With the insulin system not working properly, the horse is unable to cope with high sugar levels and especially sudden spikes of sugar in their bloodstream. These episodes of high blood sugar cause damage to their body, most notably in the laminar tissue of the feet, resulting in laminitis.
Ways to reduce a horse’s intake of sugar in grass
In instances where the horse, pony or donkey needs their sugar intake reduced for weight loss purposes and to reduce the risk of pasture-induced laminitis, the following methods will be helpful:
1. Use grazing muzzles
Grazing muzzles can be used to reduce the intake of grass. They are best left on whenever your horse is at grass as without a muzzle horses (and especially some ponies) can consume vast quantities of grass in a short space of time.
2. Turn your horse out overnight
Turning your horse out at night can help because the sugar in grass is at a lower level during this time, provided the temperature remains above 5°C. Below this temperature the grass won’t have used up its stored sugar for growth and so levels could remain high.
3. Avoid frosty mornings
Avoid turning out when it’s been cold and sunny (i.e. sunny, frosty mornings) as this is when sugar levels are highest.
4. Don’t use stressed or over-grazed land
Fields that have been stressed by drought or over-grazing tend to grow more weeds and hardier grass species that have a higher sugar content and so should be avoided.
5. Select the right species of grass
Mixed species meadows are likely to be lower in sugars than those with higher proportions of ryegrass. Ryegrass tends to be the highest in sugar during late spring and early autumn. Mixed species have similar but less marked and more gradual variations in sugar.
6. Be aware of the environment
Warm temperatures, ample moisture, good soil fertility and sunlight all result in fast growth that uses up the sugars in grass and reduces the levels consumed by your horse.
7. Carefully consider fertilising
Appropriate use of fertilisers will maintain a steady growth of grass that is lower in sugars. This may mean that paddocks will need rotating and topping. Co-grazing with ruminants (cattle or sheep, for example) can be helpful.
8. Fence off shaded spots
Shaded areas receive less sunlight and so undergo less photosynthesis, resulting in lower levels of sugar in grass. It might therefore help to section off shaded areas for at-risk equines.

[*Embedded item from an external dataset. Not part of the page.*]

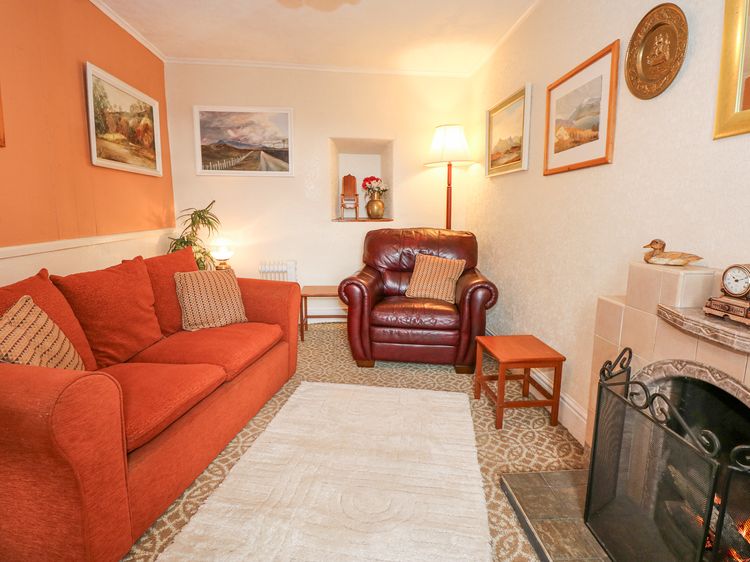 Dalar Cottage, listing photograph 5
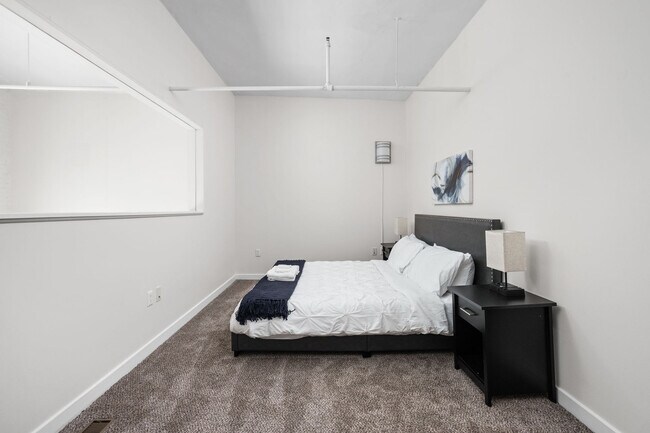 Photo - 50 N Illinois St Unit ID1014423P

9. Create an all-weather turnout area
Creating an all-weather turnout area enables your horse to have some turnout when grass conditions aren’t ideal, especially for laminitics or those suffering with equine metabolic syndrome.
10. Soak hay
Soaking hay for at least six hours in cold water (or one hour in warm water) can reduce its sugar content by around 50%. However, this varies widely with the type and batch of hay.
11. Select low-calorie hard feeds
It’s important to feed a low-calorie, protein, vitamin and mineral balancer alongside any forage-restricted diet to ensure your horse is getting what they need.
12. Test your forage
Some feed manufacturers offer a service that tests your hay and haylage to see how much sugar it contains.